▶ Supplied data
========================================
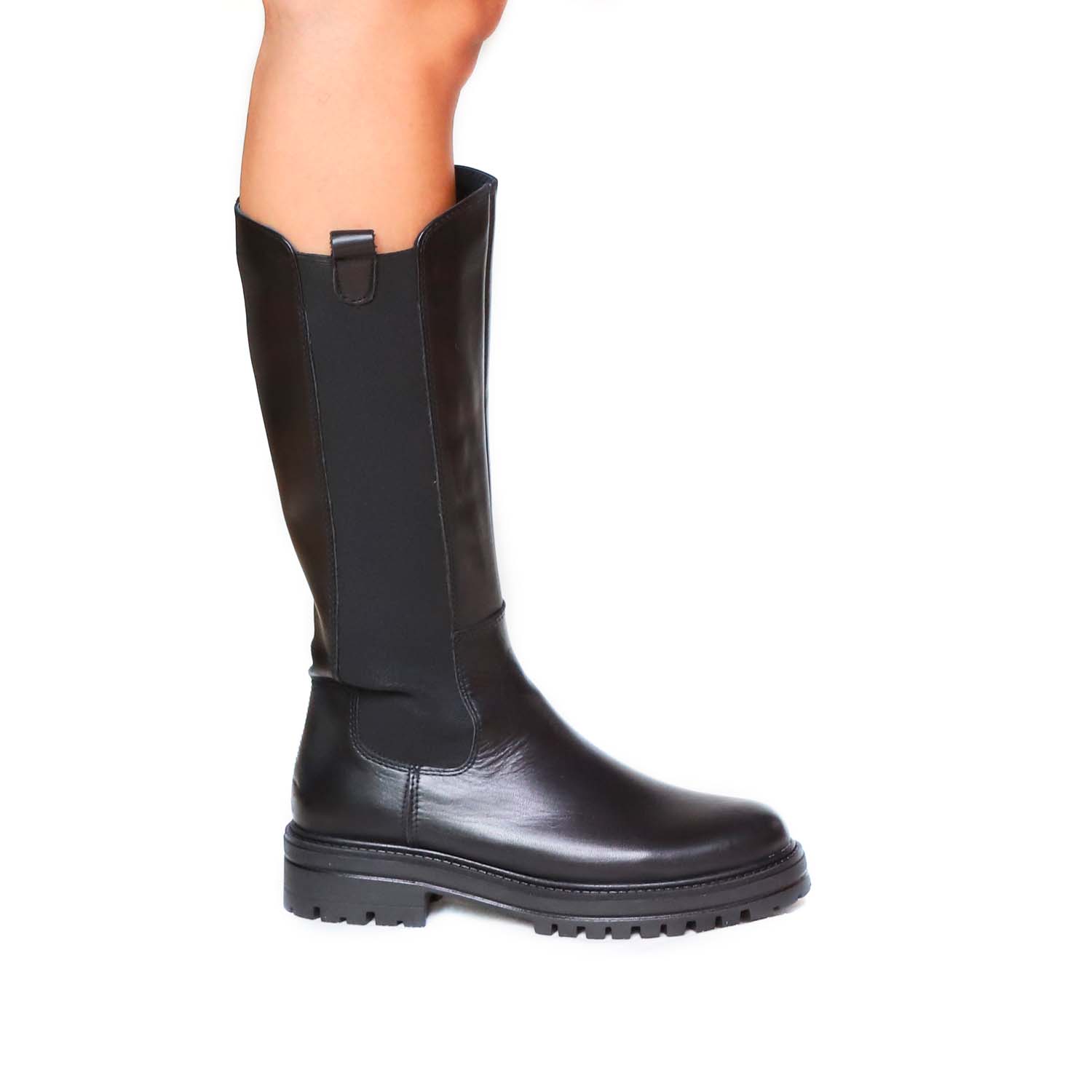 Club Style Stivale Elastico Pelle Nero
========================================
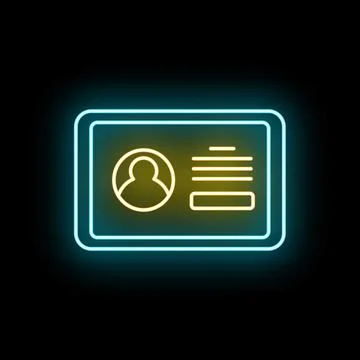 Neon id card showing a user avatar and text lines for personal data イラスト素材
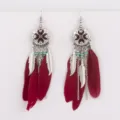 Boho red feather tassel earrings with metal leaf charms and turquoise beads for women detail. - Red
========================================
▶ Exercise objective
In the listing above, find the line with "Neon id card" and the line with "Boho red feather". Output both, plus every line between them, and no pictures.

▶ Problem solution
 Neon id card showing a user avatar and text lines for personal data イラスト素材
 Boho red feather tassel earrings with metal leaf charms and turquoise beads for women detail. - Red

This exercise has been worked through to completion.